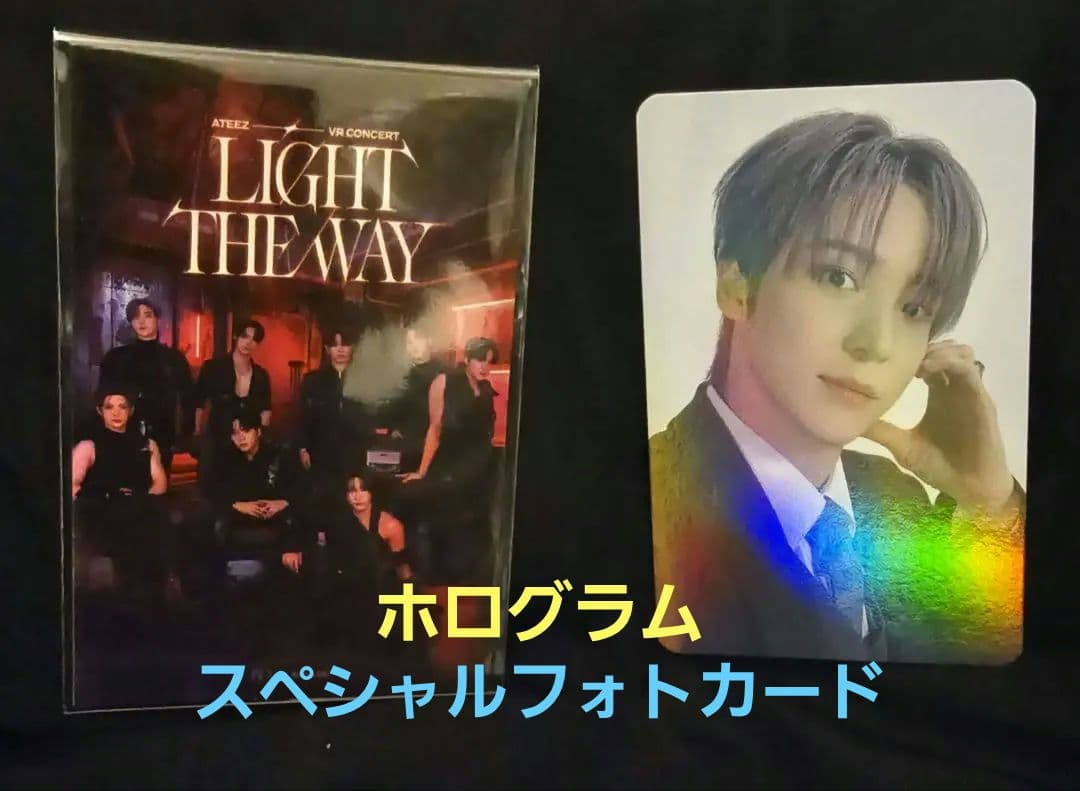 ATEEZ ユノ VR スペシャルトレカ 日本限定Ver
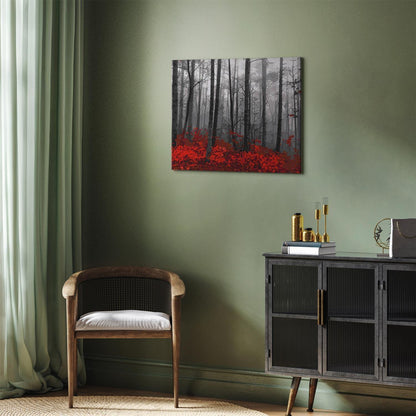 Malen nach Zahlen - Naked Trees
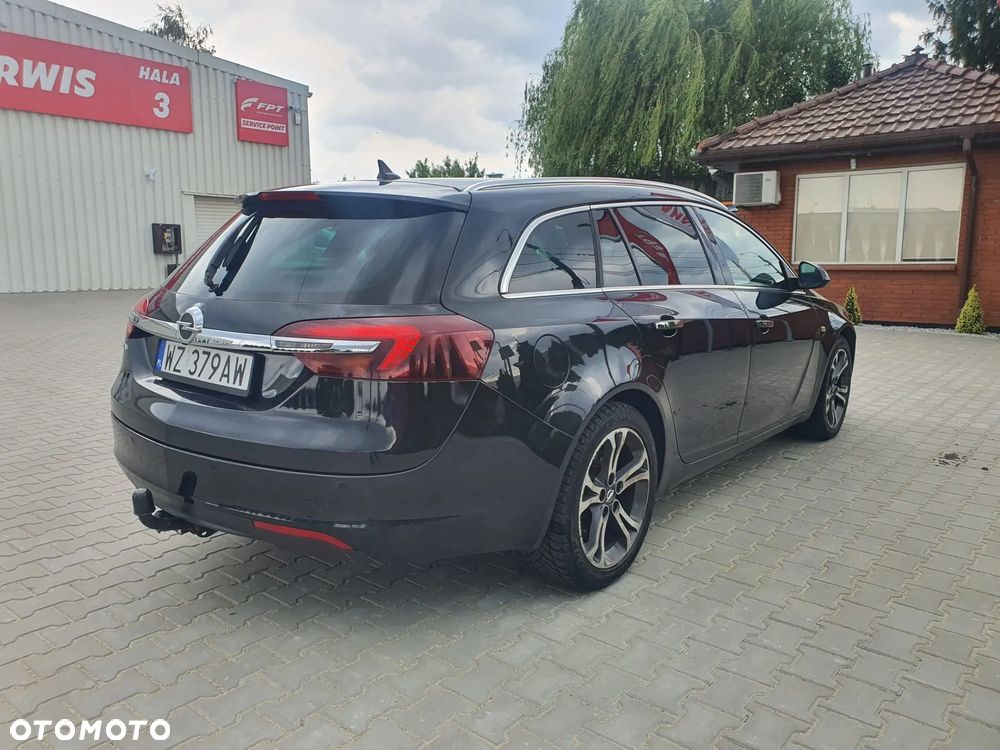 Opel Insignia 2.0 CDTI automatik Sport - 12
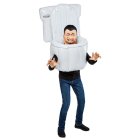Skibidi Toilet® Oppblåsbart Barnekostyme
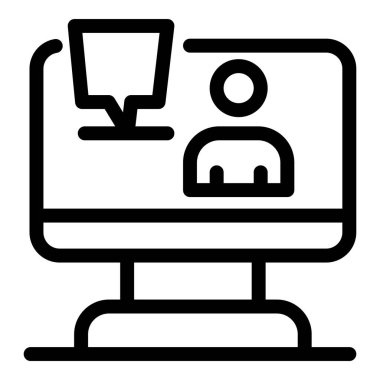 Çevrimiçi haber sorumluluk simgesi, özet biçimi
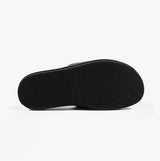 Calvin Klein FLAT MOLDED SLIDE Mens Triple Black
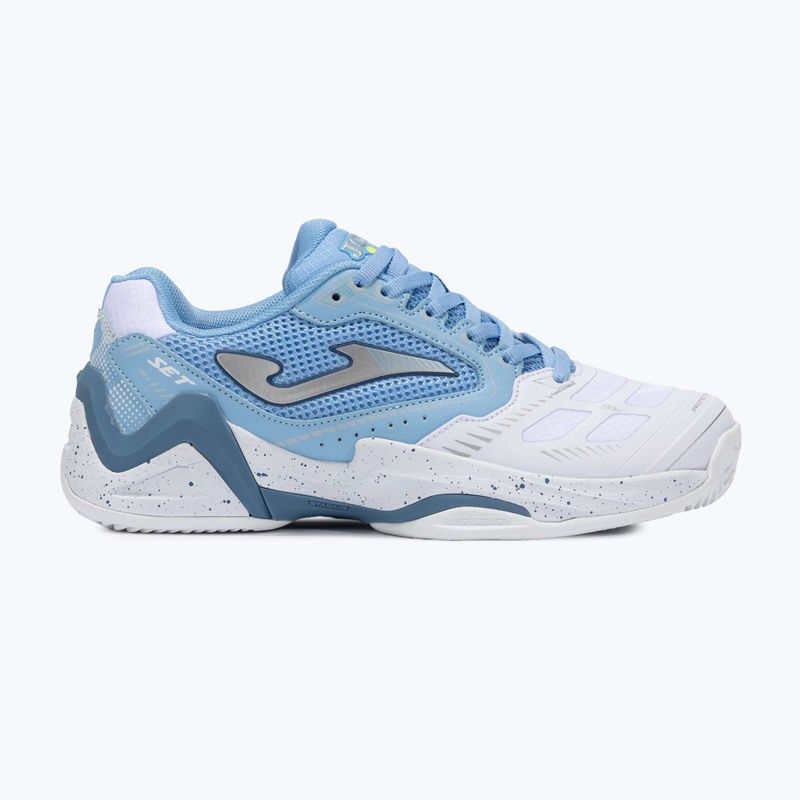 Дамски обувки за тенис Joma Set Lady C white/royal 8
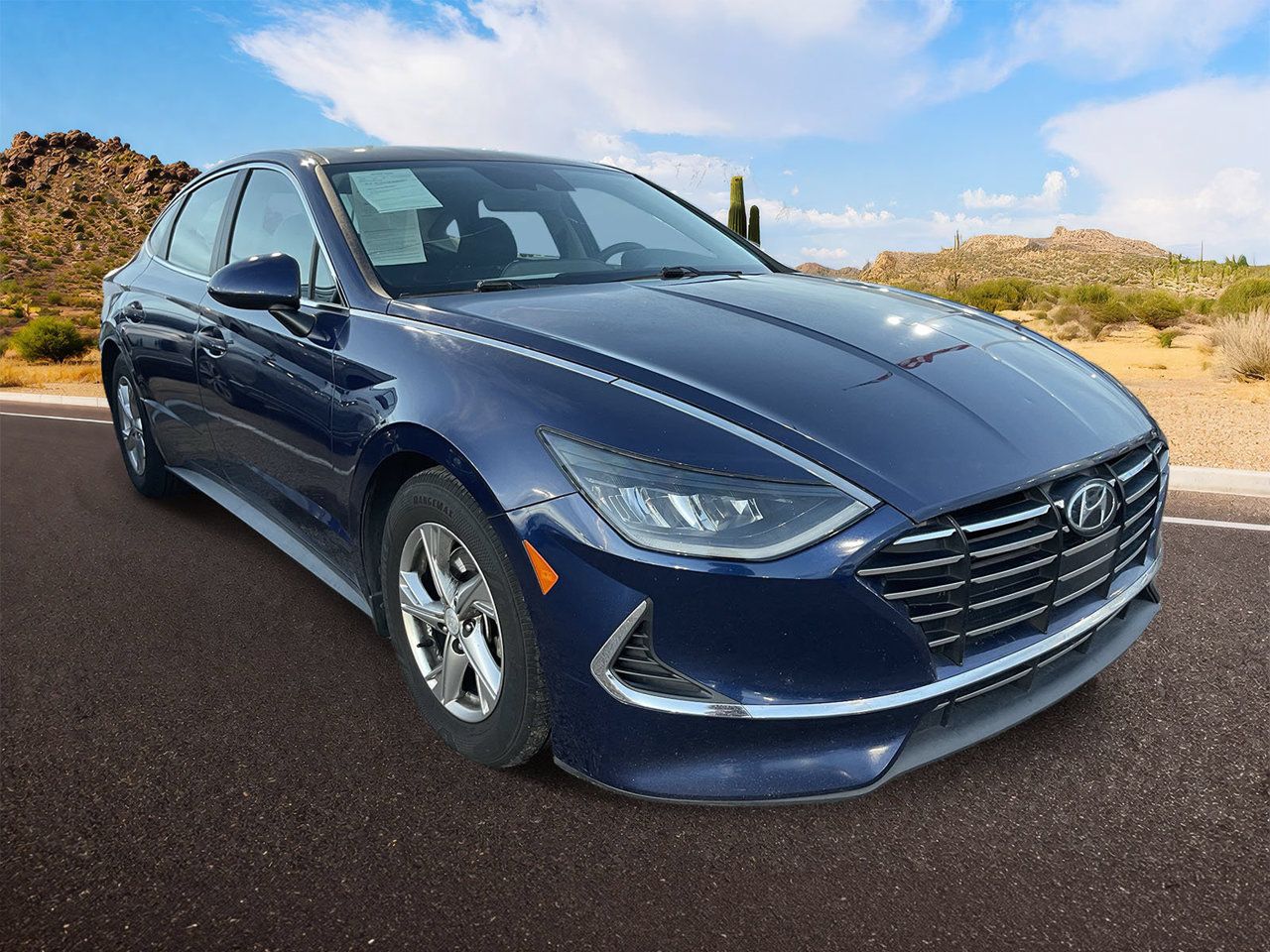 Used 2022 Hyundai Sonata SE FWD image 1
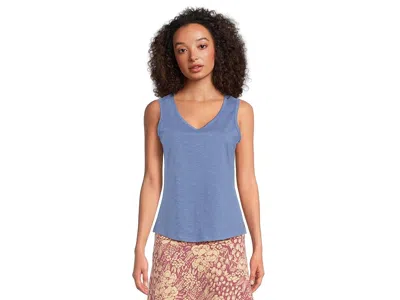 Toad And Co Marley Tank Top In Blue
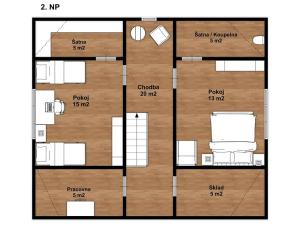 Prodej rodinného domu, Vrbno pod Pradědem, 123 m2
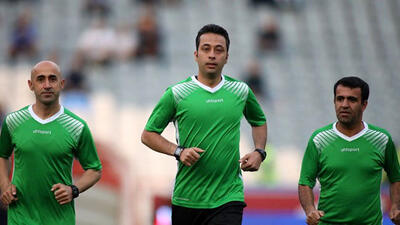  موعود بنیادی‌فرد داور دیدار پرسپولیس – گل‌گهر سیرجان شد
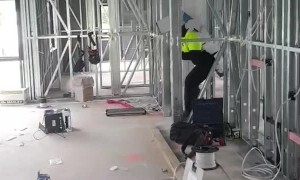 Funny Jurassic Park Imitation at Work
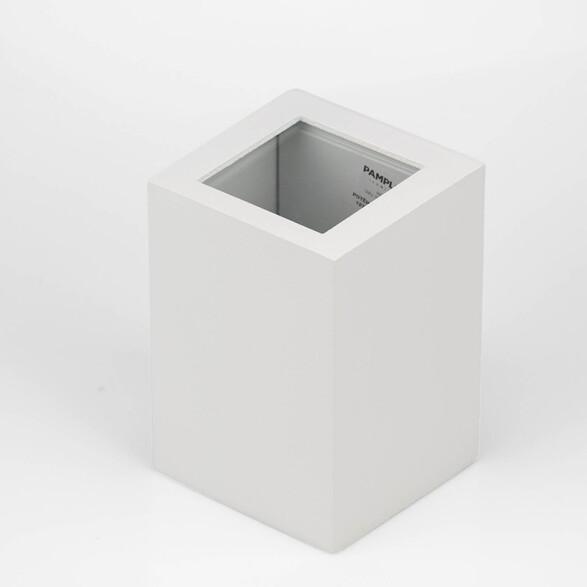 Aplique pared bidireccional blanco, interior, 1xG9 BM4014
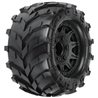 Pro-Line Racing 1/10 Masher F/R 2.8 MT Tires Mounted 12mm/14mm Black Raid (2)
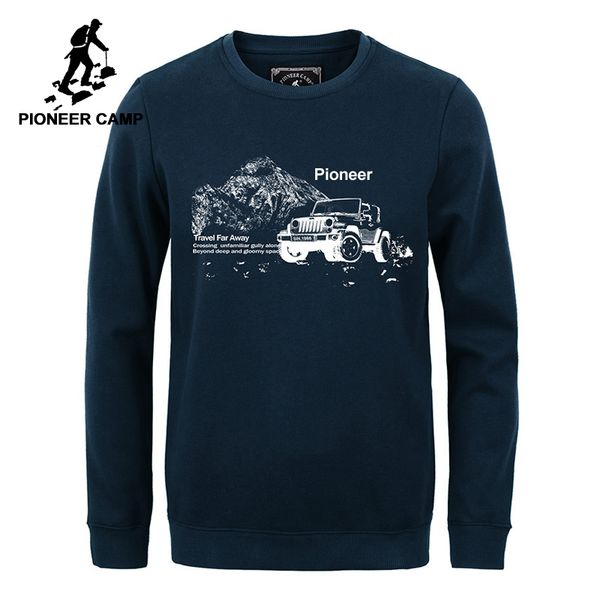 pioneer camp autumn winter hoodies men brand-clothing warm fleece men's sweatshirt quality 100% cotton male sweatshirts 305118, Black
pioneer camp autumn winter hoodies men brand-clothing warm fleece men's sweatshirt quality 100% cotton male sweatshirts 305118, Black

☆ ☆ ☆

Images do not belong in the copy; reproduce all other parts of the records above verbatim.

 ATEEZ ユノ VR スペシャルトレカ 日本限定Ver
 Malen nach Zahlen - Naked Trees
 Opel Insignia 2.0 CDTI automatik Sport - 12
Skibidi Toilet® Oppblåsbart Barnekostyme
 Çevrimiçi haber sorumluluk simgesi, özet biçimi
 Calvin Klein FLAT MOLDED SLIDE Mens Triple Black
 Дамски обувки за тенис Joma Set Lady C white/royal 8
 Used 2022 Hyundai Sonata SE FWD image 1
 Toad And Co Marley Tank Top In Blue
 Prodej rodinného domu, Vrbno pod Pradědem, 123 m2
  موعود بنیادی‌فرد داور دیدار پرسپولیس – گل‌گهر سیرجان شد
 Funny Jurassic Park Imitation at Work
 Aplique pared bidireccional blanco, interior, 1xG9 BM4014
 Pro-Line Racing 1/10 Masher F/R 2.8 MT Tires Mounted 12mm/14mm Black Raid (2)
 pioneer camp autumn winter hoodies men brand-clothing warm fleece men's sweatshirt quality 100% cotton male sweatshirts 305118, Black
pioneer camp autumn winter hoodies men brand-clothing warm fleece men's sweatshirt quality 100% cotton male sweatshirts 305118, Black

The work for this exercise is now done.